* **The problem**
Reproduce the listing in its entirety. Do not reproduce the pictures.

* **Recorded data**

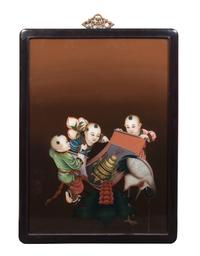 Three Painted Plaques Each 21 3/4 x 15 1/2 inches.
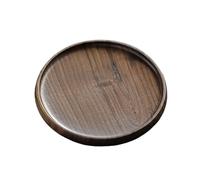 Round Walnut Serving Tray - Solid Wood Pot Holder for Kung Fu Tea Set - Small Dry Brewing Table Pad - Decorative Teapot Lid & Bowl Maintenance Accessory
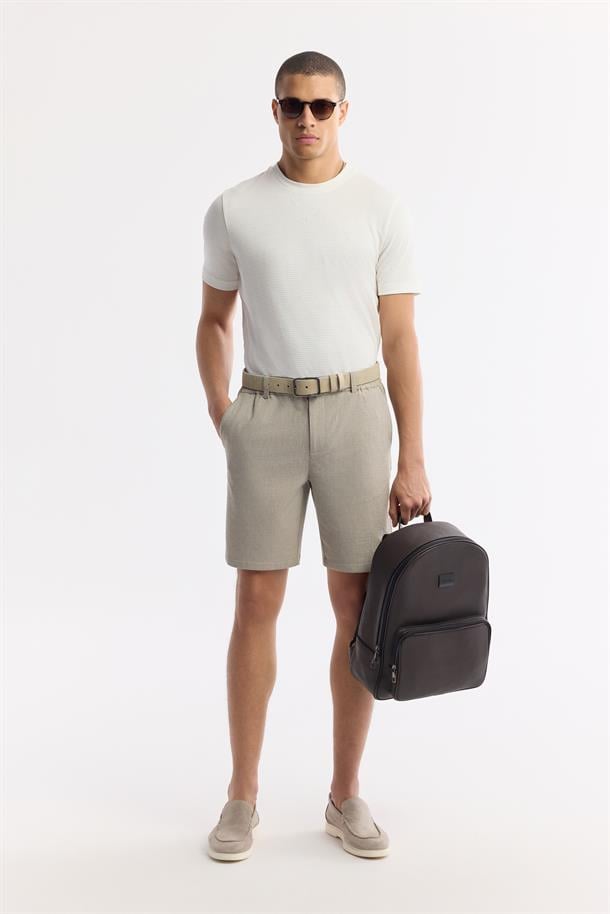 Bej Yanı Lastikli Gofreli Olympos Relaxed Fit Chino Şort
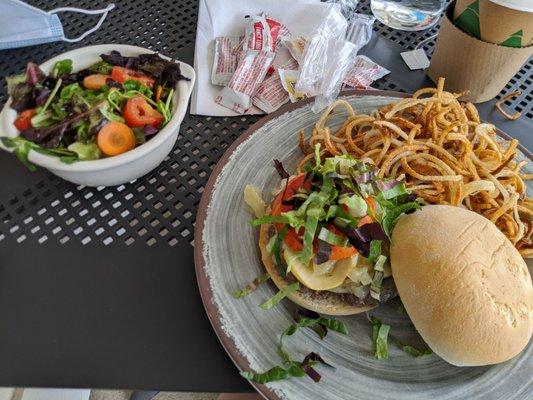 Justin's burger and string fries plus extra $3 side salad. No up charge for GF bun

* **Written answer**
 Three Painted Plaques Each 21 3/4 x 15 1/2 inches.
 Round Walnut Serving Tray - Solid Wood Pot Holder for Kung Fu Tea Set - Small Dry Brewing Table Pad - Decorative Teapot Lid & Bowl Maintenance Accessory
 Bej Yanı Lastikli Gofreli Olympos Relaxed Fit Chino Şort
 Justin's burger and string fries plus extra $3 side salad. No up charge for GF bun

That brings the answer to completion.